Supplied records START
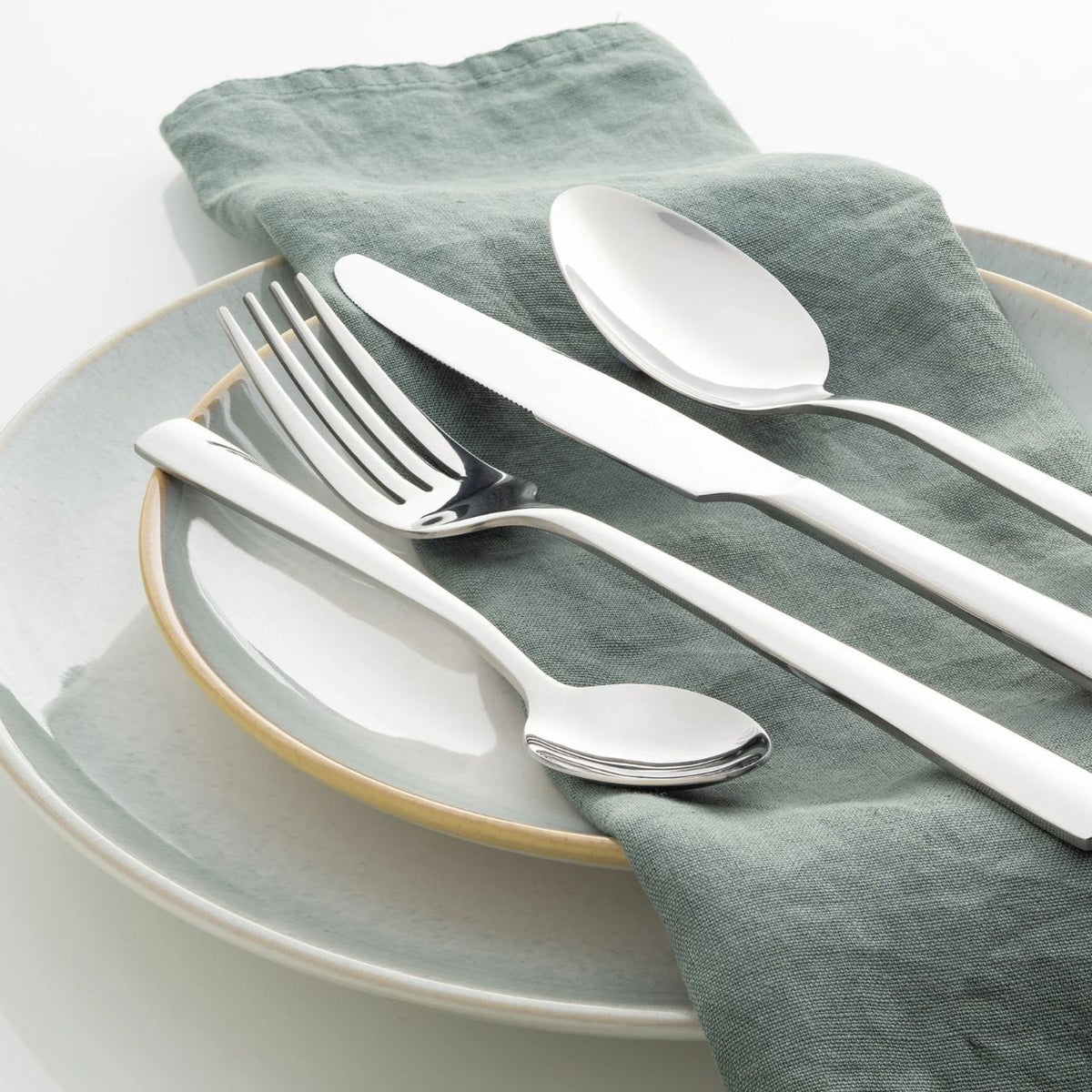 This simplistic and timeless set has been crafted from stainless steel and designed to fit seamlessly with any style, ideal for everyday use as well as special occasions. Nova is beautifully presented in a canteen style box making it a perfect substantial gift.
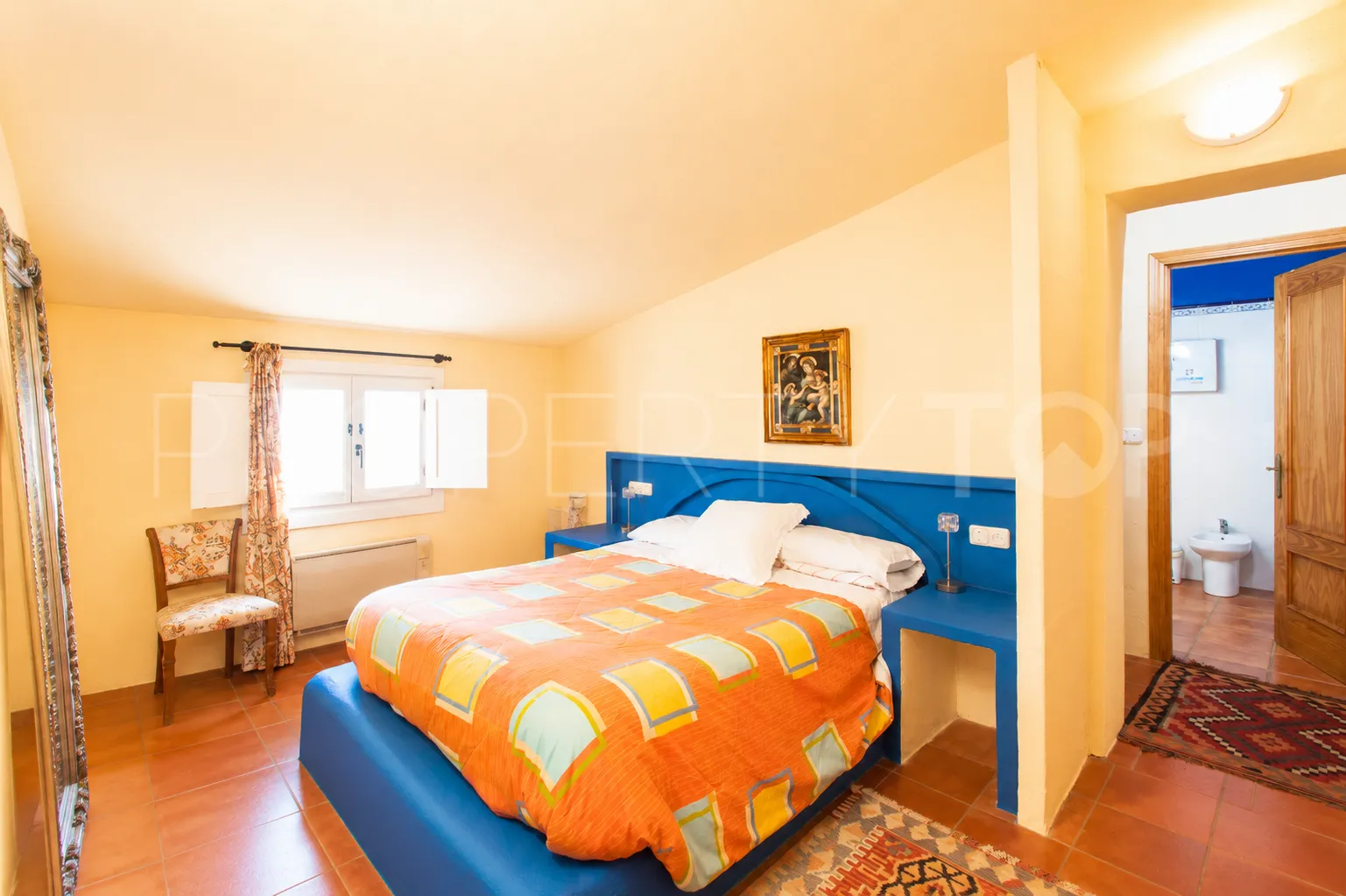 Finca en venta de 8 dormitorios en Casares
Supplied records END
Supplied records START
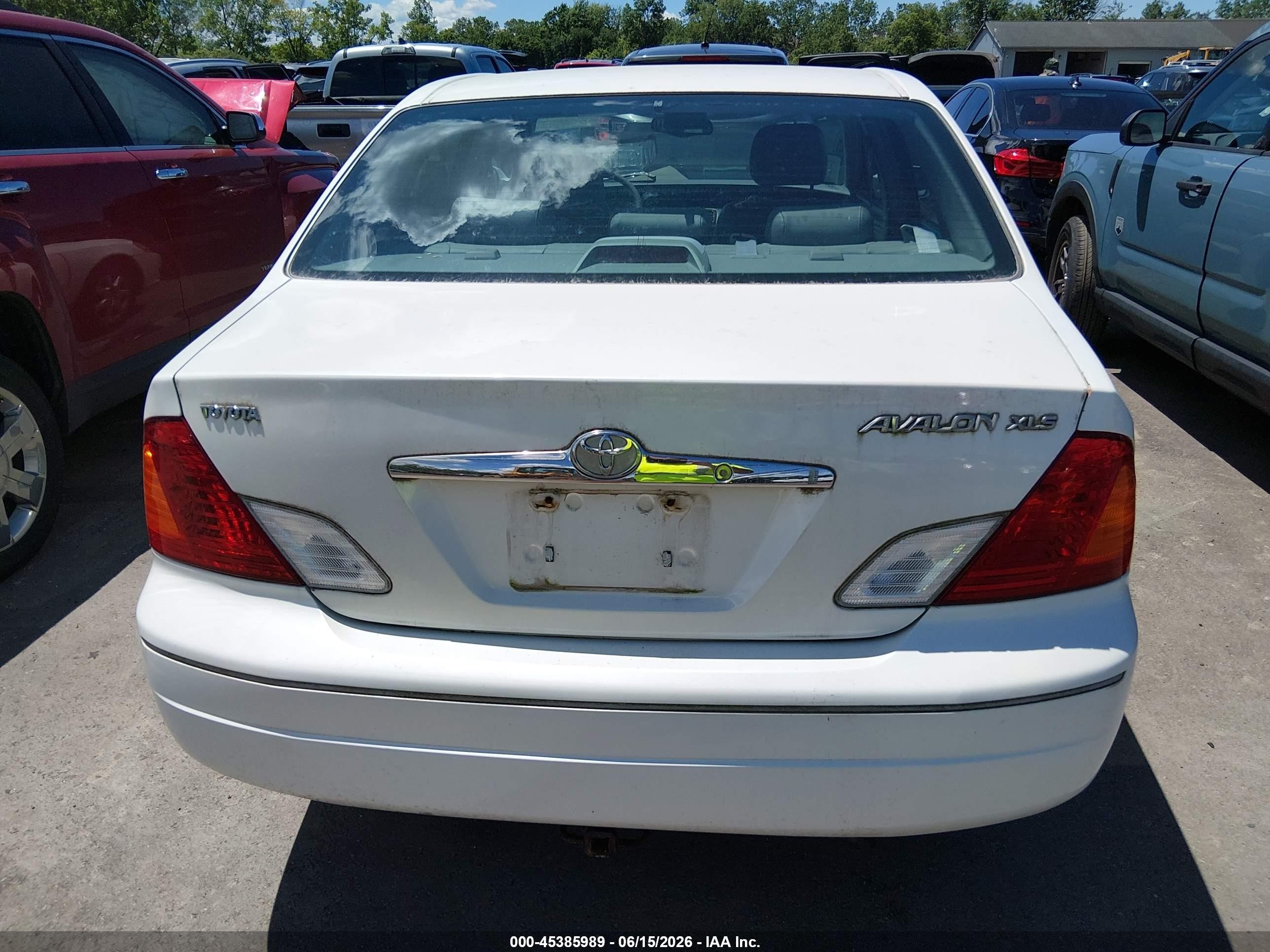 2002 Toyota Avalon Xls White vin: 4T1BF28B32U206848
Supplied records END
> _Assignment_:
Give again the stretch of the entries above that begins at the line with "This simplistic and" and ends at the line with "Finca en venta de 8 dormitorios en Casares", word for word, with no pictures.

> _Reply_:
 This simplistic and timeless set has been crafted from stainless steel and designed to fit seamlessly with any style, ideal for everyday use as well as special occasions. Nova is beautifully presented in a canteen style box making it a perfect substantial gift.
 Finca en venta de 8 dormitorios en Casares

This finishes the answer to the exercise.